"If only I could bubble-wrap my child!" It's a nice thought, especially for parents of toddlers who bump and run all day long, or for those with older daredevils on their hands. And how about our shy guys and girls, the ones we as parents just want to wrap up in protective hugs, to reassure often? Deep down we all know that the only way our kids will grow into their own is by exploring the world, but that doesn't mean doing so is always easy. How - and when, and how much - should we let go?
"If you are brave enough to know your children for who they are as individuals, then you'll know what situations you can trust them with and which situations you should be a little more careful entrusting them with," advises Sue Lee, principal of
CCB School of Douglaston in Queens. "Letting your loved ones go is probably one of the hardest things in the world to accomplish," she adds.
To help you along the way, we asked local experts:
How can I avoid being overprotective of my child?
"Children learn best by playing and exploring without being told what to do and how to do it every step of the way. The best childhood lessons are learned from falling down, trying and not succeeding immediately. When parents are constantly correcting and jumping in, they are sending a strong message that the child is not capable, that others cannot be trusted, and that the world is a frightening place. Children need to learn to negotiate on their own, and to solve problems with the help of others-including their peers and teachers, not always the parents.
Parents should encourage children to engage in activities they may not necessarily be good at right away, to enjoy the process and the learning. In order for children to grow, they must fall down, make mistakes, have defeats, and have confidence in their own ability to 'get back on their feet.'"
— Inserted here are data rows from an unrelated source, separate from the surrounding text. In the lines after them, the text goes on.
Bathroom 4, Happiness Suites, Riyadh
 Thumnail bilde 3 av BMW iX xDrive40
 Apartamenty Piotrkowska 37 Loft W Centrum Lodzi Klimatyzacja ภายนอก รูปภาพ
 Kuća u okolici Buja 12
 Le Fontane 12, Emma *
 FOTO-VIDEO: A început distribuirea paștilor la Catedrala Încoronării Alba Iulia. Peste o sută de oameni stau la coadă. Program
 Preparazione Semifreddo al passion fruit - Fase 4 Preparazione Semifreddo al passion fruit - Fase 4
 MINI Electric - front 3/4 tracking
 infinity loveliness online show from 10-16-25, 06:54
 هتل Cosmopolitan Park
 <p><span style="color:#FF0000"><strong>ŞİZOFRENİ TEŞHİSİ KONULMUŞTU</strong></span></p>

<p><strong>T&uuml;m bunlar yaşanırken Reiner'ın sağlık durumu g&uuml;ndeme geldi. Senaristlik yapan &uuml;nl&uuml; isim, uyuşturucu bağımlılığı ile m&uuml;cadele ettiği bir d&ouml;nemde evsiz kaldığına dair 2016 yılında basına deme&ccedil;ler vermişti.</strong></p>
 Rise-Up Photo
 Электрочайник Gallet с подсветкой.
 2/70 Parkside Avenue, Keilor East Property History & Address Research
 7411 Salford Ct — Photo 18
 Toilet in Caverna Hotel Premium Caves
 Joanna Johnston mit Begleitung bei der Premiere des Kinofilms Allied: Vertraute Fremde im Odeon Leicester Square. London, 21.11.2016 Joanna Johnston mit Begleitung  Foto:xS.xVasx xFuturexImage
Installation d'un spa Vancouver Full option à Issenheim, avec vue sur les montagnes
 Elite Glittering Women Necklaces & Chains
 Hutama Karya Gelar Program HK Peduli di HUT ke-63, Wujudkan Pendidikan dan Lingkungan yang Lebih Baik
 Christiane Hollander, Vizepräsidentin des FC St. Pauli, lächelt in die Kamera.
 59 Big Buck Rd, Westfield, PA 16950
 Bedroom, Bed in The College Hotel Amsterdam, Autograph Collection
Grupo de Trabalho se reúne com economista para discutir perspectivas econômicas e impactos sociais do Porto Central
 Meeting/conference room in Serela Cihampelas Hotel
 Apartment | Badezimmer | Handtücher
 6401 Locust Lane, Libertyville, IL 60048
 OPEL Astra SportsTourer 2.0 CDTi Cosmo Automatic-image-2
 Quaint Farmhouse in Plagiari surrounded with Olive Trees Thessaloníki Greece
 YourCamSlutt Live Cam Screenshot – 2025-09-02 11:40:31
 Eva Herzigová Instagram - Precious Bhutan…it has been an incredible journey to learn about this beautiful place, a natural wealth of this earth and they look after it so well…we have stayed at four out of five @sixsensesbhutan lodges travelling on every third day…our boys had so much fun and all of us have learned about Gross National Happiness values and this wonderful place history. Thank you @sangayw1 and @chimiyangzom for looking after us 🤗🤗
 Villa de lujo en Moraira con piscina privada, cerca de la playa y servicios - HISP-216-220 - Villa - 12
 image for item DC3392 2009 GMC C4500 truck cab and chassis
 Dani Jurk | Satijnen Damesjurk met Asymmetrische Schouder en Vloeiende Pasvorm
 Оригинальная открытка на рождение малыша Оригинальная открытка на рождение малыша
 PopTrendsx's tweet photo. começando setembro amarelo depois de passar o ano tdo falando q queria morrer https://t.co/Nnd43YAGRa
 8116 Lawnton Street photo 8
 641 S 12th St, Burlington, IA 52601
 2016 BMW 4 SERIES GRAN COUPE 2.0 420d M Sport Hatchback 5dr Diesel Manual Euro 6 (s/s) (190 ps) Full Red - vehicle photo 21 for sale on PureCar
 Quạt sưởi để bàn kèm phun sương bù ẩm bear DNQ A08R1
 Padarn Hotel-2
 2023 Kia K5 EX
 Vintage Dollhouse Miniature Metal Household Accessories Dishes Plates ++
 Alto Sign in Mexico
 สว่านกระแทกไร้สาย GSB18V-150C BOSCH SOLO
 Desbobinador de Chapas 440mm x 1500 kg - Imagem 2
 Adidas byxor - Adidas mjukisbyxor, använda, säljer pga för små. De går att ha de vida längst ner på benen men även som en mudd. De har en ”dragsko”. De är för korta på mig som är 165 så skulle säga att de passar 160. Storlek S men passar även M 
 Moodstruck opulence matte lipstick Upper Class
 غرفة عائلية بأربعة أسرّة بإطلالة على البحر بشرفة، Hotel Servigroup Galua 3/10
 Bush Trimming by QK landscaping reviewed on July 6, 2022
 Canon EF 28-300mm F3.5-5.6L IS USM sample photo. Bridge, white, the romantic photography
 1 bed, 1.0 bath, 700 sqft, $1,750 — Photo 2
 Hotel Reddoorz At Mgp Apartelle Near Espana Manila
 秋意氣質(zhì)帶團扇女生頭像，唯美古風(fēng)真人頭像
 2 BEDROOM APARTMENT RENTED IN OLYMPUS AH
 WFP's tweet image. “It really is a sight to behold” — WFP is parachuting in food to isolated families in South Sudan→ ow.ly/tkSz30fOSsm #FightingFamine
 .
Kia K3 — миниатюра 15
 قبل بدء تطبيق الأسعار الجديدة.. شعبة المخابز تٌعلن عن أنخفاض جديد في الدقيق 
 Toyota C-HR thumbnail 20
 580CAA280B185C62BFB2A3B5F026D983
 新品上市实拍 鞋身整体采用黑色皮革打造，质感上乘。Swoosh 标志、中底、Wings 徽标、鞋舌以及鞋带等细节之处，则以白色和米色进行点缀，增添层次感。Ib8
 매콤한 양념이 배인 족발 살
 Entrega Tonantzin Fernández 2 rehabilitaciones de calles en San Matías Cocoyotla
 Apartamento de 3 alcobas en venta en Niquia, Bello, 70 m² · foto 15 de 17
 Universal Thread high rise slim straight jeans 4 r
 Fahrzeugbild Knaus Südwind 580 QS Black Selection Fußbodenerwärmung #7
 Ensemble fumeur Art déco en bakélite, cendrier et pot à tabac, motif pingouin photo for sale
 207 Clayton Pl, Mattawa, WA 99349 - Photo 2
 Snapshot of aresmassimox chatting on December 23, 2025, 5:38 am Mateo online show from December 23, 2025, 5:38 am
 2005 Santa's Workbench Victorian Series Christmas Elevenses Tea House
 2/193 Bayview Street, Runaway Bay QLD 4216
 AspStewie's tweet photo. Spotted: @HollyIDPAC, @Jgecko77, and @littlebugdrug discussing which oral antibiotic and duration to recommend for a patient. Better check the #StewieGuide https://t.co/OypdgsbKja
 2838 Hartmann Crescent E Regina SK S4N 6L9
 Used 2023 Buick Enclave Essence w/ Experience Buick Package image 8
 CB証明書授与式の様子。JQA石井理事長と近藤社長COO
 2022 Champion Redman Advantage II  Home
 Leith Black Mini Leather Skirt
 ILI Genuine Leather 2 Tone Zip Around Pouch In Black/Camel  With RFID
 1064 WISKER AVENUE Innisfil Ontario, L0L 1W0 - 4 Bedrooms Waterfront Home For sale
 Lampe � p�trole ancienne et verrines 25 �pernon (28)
-Jodi Levine, owner, Jodi's Gym, Mt. Kisco
"Parents need to allow their children to explore their innate talents. We encourage children to make their own choices for their camp day with their parents' advice, so they participate in courses they want to explore. This allows the children to have new experiences that they normally would not be exposed to. It also allows for growth and discovery that, with guidance, can be a wonderful and exciting time for a child. If they are allowed to make some decisions for themselves and see the outcomes, good or bad, then they will learn from those choices. Testing the waters and making decisions is all part of the fun of growing up, and we as parents can foster that growth by allowing children some freedom in making those decisions."